Eines der größten Geschenke von Ray an Quincy war, dass er ihm zeigte, wie er die Musik, die ihm im Kopf herumschwirrte, in ein Arrangement umsetzen konnte. Nur so wurde daraus echte, lebendige Musik mit mehr Soul und Tiefe als alles, was die zwei unter sich ausbrüten mochten, egal wie viele Instrumente sie beherrschten. »Ray eröffnete mir die Welt des Arrangierens«, sagt Jones. »Ich versuchte hinter das Geheimnis zu kommen, wie man vier Posaunen, vier Trompeten und fünf Saxofone denselben Song spielen lässt. Ray erklärte mir, wie man ein Arrangement schreibt. Ich war unglaublich wissbegierig und sog alles auf.«

In den frühen 1950er-Jahren spielte Quincy Jones in Lionel Hamptons Band und Ray Charles in der Band von Lowell Fulson, aber ihre Wege kreuzten sich häufig. Jones sagte allen: »Ihr müsst euch meinen Mann aus Seattle anhören.« Auch als Jones an die Ostküste zog, konnte das die musikalische Gemeinschaft der Freunde nicht ernsthaft stören. Er arrangierte einige von Rays besten Aufnahmen aus den späten 1950er- und frühen 1960er-Jahren. Auf dem Album Genius + Soul = Jazz von 1960, das unter anderem Charles’ Top-Ten-Instrumentalhit »One Mint Julep« enthielt, gaben die beiden sich sanft und rau zugleich. Weitere gemeinsame Projekte folgten. So sang Charles den von Jones mit Alan und Marilyn Berman komponierten Titelsong des Films In der Hitze der Nacht von 1967, zu dem Jones die gesamte Filmmusik schrieb. Wie Charles transzendierte Jones musikalische Genres, als er ein klassisches Stück schrieb, dass Charles Anfang der 1970er-Jahre mit dem Houston Symphony Orchestra aufführte: »Black Requiem«, das Jones zufolge »den Kampf der Schwarzen in den USA seit Beginn der Sklaverei« thematisiert.

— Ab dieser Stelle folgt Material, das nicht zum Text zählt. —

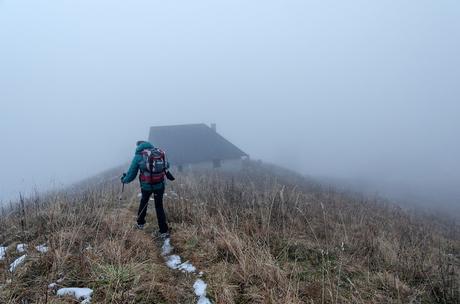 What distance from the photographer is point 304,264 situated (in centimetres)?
428

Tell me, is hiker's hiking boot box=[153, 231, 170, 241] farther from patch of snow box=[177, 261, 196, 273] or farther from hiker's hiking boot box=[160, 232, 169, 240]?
patch of snow box=[177, 261, 196, 273]

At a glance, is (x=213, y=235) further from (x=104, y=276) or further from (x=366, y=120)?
(x=366, y=120)

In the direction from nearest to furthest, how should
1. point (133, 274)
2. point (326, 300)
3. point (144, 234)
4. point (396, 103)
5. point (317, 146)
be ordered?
point (326, 300) → point (133, 274) → point (144, 234) → point (317, 146) → point (396, 103)

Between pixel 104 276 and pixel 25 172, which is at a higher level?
pixel 104 276

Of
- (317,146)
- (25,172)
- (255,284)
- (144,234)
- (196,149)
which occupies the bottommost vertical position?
A: (25,172)

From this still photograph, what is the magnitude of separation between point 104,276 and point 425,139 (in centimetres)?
12663

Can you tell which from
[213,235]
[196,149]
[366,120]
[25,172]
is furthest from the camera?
[366,120]

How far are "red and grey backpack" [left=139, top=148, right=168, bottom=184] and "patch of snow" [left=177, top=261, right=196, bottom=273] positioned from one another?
178cm

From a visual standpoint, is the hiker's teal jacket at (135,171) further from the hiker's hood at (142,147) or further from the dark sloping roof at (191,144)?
the dark sloping roof at (191,144)

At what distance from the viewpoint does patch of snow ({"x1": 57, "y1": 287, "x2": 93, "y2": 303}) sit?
303 centimetres

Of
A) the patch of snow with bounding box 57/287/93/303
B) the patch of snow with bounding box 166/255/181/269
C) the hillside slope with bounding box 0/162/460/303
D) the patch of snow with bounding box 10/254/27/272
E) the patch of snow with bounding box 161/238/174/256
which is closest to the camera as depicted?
the patch of snow with bounding box 57/287/93/303

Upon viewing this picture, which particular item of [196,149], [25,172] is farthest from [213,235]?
[25,172]

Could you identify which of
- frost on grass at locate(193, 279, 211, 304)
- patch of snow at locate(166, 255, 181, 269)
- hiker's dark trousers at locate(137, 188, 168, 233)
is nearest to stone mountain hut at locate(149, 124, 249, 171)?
hiker's dark trousers at locate(137, 188, 168, 233)

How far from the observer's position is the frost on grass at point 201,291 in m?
3.27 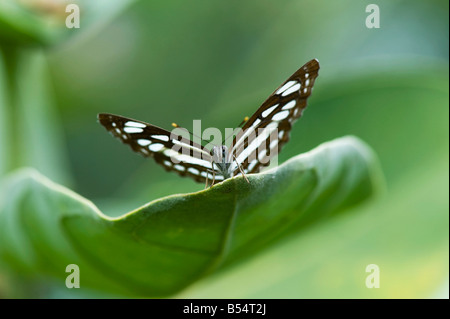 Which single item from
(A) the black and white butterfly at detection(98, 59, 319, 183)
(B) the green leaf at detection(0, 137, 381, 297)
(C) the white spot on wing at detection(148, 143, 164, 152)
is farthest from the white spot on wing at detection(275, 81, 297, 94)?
(C) the white spot on wing at detection(148, 143, 164, 152)

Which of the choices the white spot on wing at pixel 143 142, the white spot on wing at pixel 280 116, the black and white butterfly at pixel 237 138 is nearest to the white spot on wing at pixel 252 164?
the black and white butterfly at pixel 237 138

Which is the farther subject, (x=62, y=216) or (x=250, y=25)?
(x=250, y=25)

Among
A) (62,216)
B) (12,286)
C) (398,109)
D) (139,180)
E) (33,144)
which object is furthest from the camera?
(139,180)

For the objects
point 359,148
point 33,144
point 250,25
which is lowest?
point 359,148

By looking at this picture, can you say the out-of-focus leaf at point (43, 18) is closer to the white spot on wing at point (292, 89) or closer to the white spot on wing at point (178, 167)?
the white spot on wing at point (178, 167)

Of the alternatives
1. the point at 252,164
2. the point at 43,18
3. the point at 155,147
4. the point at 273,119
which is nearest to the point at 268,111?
the point at 273,119

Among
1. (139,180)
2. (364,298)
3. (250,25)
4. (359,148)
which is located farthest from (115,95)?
(364,298)

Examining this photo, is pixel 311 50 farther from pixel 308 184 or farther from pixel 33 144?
pixel 33 144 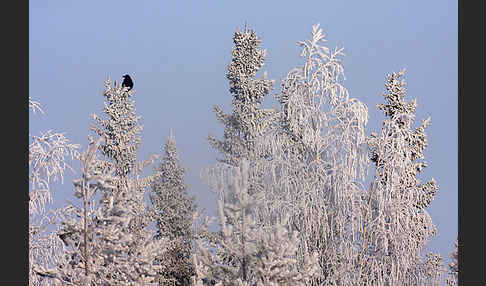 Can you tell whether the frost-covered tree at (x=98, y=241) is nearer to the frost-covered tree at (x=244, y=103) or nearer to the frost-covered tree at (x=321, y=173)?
the frost-covered tree at (x=321, y=173)

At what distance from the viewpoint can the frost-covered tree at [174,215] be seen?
76.7ft

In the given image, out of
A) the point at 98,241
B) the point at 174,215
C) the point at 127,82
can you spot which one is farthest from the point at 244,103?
the point at 98,241

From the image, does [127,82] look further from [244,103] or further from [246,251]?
[246,251]

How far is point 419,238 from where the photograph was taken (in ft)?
50.3

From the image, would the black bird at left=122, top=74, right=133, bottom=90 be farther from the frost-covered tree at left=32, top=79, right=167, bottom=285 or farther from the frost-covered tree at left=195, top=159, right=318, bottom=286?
the frost-covered tree at left=195, top=159, right=318, bottom=286

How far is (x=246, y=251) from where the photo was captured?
962cm

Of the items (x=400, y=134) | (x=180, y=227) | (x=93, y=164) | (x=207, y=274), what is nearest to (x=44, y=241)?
(x=93, y=164)

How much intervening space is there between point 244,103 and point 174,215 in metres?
6.42

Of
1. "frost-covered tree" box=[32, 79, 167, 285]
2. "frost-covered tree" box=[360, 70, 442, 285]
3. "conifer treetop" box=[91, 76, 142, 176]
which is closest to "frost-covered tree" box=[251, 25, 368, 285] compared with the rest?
"frost-covered tree" box=[360, 70, 442, 285]

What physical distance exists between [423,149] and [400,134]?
4.49 metres

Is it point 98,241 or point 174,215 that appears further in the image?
point 174,215

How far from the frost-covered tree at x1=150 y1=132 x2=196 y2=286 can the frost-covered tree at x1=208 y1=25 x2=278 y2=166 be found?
440 centimetres

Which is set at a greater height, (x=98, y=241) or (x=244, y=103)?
(x=244, y=103) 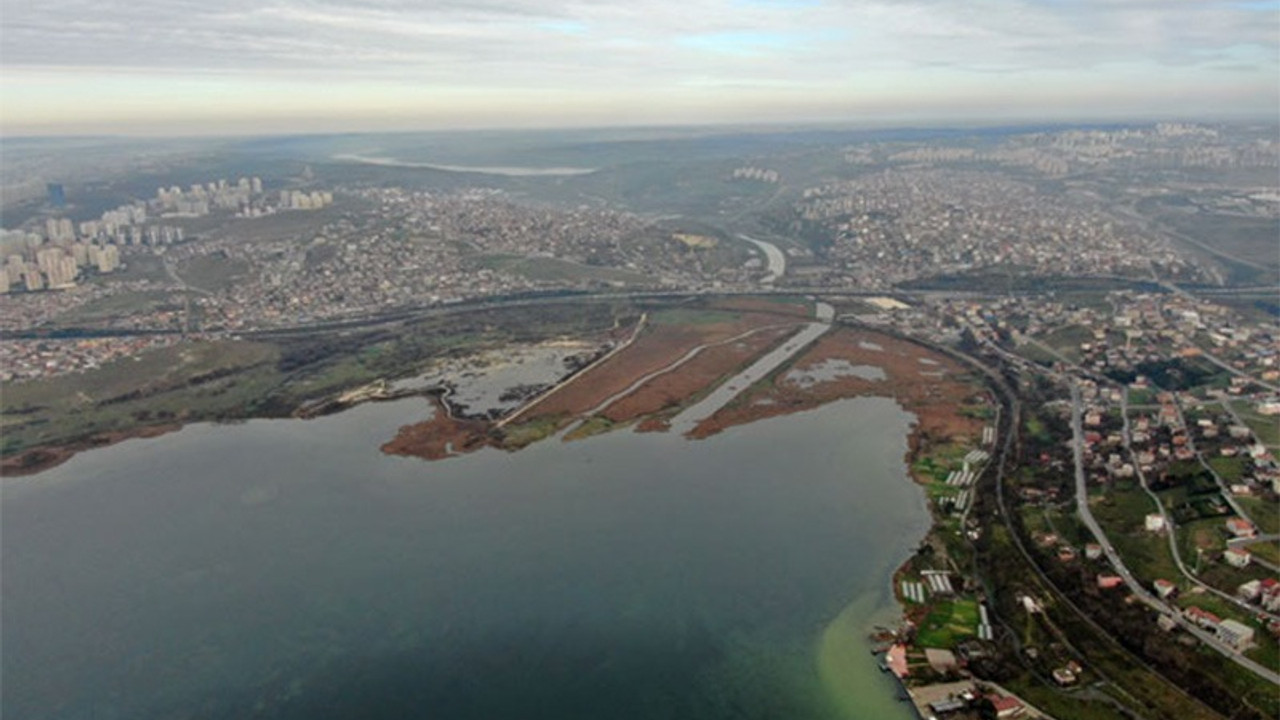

Ray und Quincy gingen einen weiten Weg von den Clubs in Seattle, in denen sie sich einst kennenlernten. Doch beide hatten ihn bewusst zurückgelegt, jeder in seiner unverkennbaren Art – und auch als Team, wenn sich die Gelegenheit ergab. »Ray und ich träumten früher von all den Sachen, die unmöglich schienen, die es noch nie gegeben hatte«, sagt Jones. »Schwarze Komponisten, die Filmmusik schreiben oder Symphonien. Aber schließlich machten wir genau das. Ich schrieb ›Black Requiem‹ für ihn, und wir machten ›In the Heat of the Night‹ zusammen und ›I’ll be Good to You‹ mit Chaka Khan. Wir machten auch ›We Are the World‹ zusammen. All unsere Träume verwirklichten wir gemeinsam.«


© James Roark

Qs Bigband 1971 mit Ray Charles in der Merv Griffin Show


Ankündigung eines Konzerts anlässlich von Qs 50. Geburtstag, 1983


© Quincy Jones Productions

Q und Ray im Musikvideo zu »I’ll Be Good to You«


© Courtesy of the American Academy of Achievement

Q und Ray bei Qs Aufnahme in die American Academy of Achievement in Minneapolis 1984


© Courtesy of Quincy Jones

Q, nicht Ray!

LIONEL HAMPTON

Quincy Jones erzählt, wie er mit der Band des Vibrafonisten und großen Swingjazzers Lionel Hampton beinahe auf Tour gegangen wäre. »Hampton wollte mich in seiner Band haben, als ich 15 war. Ich saß schon Stunden vor der Abreise im Tourbus, damit er seine Meinung nicht mehr änderte oder meine Eltern Wind von der Sache bekamen. Schließlich stiegen die Jungs aus der Band ein, und Lionels Frau sagte: ›Was macht dieses Kind denn hier?‹ Lionel antwortete: ›Den hab ich gerade engagiert.‹ Darauf sagte sie zu mir: ›Komm her, Schätzchen. Steig aus dem Bus aus und geh zurück zur Schule. Wir unterhalten uns später.‹ Das hat mich so verletzt und traurig gemacht wie nie etwas zuvor, weil es mein Traum war, mit dieser Band zu spielen. Sie war größer als Louis Armstrong, Count Basie oder Duke Ellington. Hampton und Louis Jordan hatten in den 1940er-Jahren so was wie die ersten Rock-’n’-Roll-Bands.« Kurz nachdem er sein Studium im Schillinger House begonnen hatte, wurde Quincy, damals noch immer ein Teenager, erneut in Hamptons Band eingeladen. Diesmal hielten ihn keine familiären oder schulischen Verpflichtungen mehr zurück, und so sagte er überglücklich zu.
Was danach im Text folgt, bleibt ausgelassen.